From a public health perspective, yes. The best thing you can do to “flatten the curve” is stay at home.
From a labor perspective, it’s questionable. The conditions of many of the workers who make grocery delivery possible is troubling to say the least. As of this writing, workers have tested positive for COVID-19 at six Amazon warehouses nationwide in the midst of a hiring frenzy, as the company tries to recruit 100,000 more workers to meet demand. Other online vendors are experiencing major delays and shortages as they struggle to restock and fill orders, and package delivery workers are feeling immense pressure to punch in even when they are experiencing coronavirus-like symptoms.
It may be more palatable to patronize a local, independent grocer that delivers. If that is not an option, friends, neighbors, and do-gooders like Invisible Hands in New York City have been stepping up and helping the homebound, be they elderly or immuno-compromised, by running their errands. Whether you’re accepting groceries from the store, an acquaintance, or FedEx, make sure it’s a contactless delivery—that the person handing off the package leaves it at your door, and departs before you retrieve it. And if you are getting deliveries of any kind, try to cut down on your total orders as a way of protecting the people who make them possible.
Experts recommend having a two-week supply of non-perishable food on hand in case of emergencies. So we developed a 14-day meal plan of pantry-sourced dinners.
Is it true that shoppers who are not on WIC benefits should steer clear of grocery items marked with the WIC label?
That is correct. A viral tweet from the progressive group Suit Up Maine implored shoppers who are stocking up on groceries to avoid products that have a WIC stamp on the pricing label.

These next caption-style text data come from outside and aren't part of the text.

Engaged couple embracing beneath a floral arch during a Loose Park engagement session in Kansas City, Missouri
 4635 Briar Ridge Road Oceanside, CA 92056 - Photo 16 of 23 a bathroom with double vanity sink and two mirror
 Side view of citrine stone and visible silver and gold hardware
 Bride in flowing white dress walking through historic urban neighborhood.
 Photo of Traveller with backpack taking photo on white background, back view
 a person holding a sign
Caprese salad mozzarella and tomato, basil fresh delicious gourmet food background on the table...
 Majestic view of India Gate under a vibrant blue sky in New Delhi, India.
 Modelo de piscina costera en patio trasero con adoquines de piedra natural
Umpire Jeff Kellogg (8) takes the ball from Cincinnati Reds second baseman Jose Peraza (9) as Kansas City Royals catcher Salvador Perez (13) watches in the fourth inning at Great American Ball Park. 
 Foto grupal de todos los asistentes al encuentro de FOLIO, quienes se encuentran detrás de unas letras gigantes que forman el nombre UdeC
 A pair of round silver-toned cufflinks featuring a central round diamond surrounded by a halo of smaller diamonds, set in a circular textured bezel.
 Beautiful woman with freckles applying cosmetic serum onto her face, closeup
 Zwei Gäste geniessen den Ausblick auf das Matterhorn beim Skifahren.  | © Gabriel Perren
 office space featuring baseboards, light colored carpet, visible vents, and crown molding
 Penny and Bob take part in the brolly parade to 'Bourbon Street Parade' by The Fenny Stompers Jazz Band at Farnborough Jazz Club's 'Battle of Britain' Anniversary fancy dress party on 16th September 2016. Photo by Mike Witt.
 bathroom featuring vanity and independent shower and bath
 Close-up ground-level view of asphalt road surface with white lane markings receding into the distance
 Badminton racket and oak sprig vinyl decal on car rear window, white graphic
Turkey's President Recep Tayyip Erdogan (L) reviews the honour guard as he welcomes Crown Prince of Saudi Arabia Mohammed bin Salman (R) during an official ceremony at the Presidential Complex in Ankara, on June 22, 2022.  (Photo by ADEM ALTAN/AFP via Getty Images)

WIC is short for the Special Supplemental Nutrition Program For Women, Infants, And Children, a USDA initiative that supplies healthy food to low-income pregnant, postpartum and breastfeeding women, infants, and children up to five years of age. Those three letters indicate that the food is covered by the vouchers the program provides. Since a limited number of grocery items bear the label to begin with, snatching up those designated goods creates scarcity for those in need at a time when grocery shelves are already picked clean.
Many supermarkets have adopted elderly shopping hours. Does that actually help?
A number of grocery chains, such as Sam’s Club, Target, Publix and Aldi, have implemented special shopping hours for senior citizens, pregnant women, immuno-compromised and otherwise vulnerable customers. In theory, it is a good idea. “I like that they do it first thing in the morning, when the store has just been cleaned,” says public health expert and Give Space founder Carol Winner. “That might help reduce risk.” But even during senior hours, recommendations for sanitation and social distancing must still be observed. Winner is also concerned that, even with the special hours, the stores might still be congested or have long lines. “If you are compromised or elderly, you can't stand in line for a long time,” she says. Some stores offer a solution, such as Sam’s Club “Shop From Your Car” concierge service, which allows customers to place orders from parked cars and have the groceries brought to them.
If you'd like to help vulnerable customers while you’re shopping, one of the best things you can do is give them their space. Calling an elderly or unwell friend or neighbor and offering to do their shopping for them (and arranging a no-contact drop off) is something else that you could do. And checking in (from a distance) just to say hey is also a welcome gesture, no matter what.
This story is being updated as new information becomes available.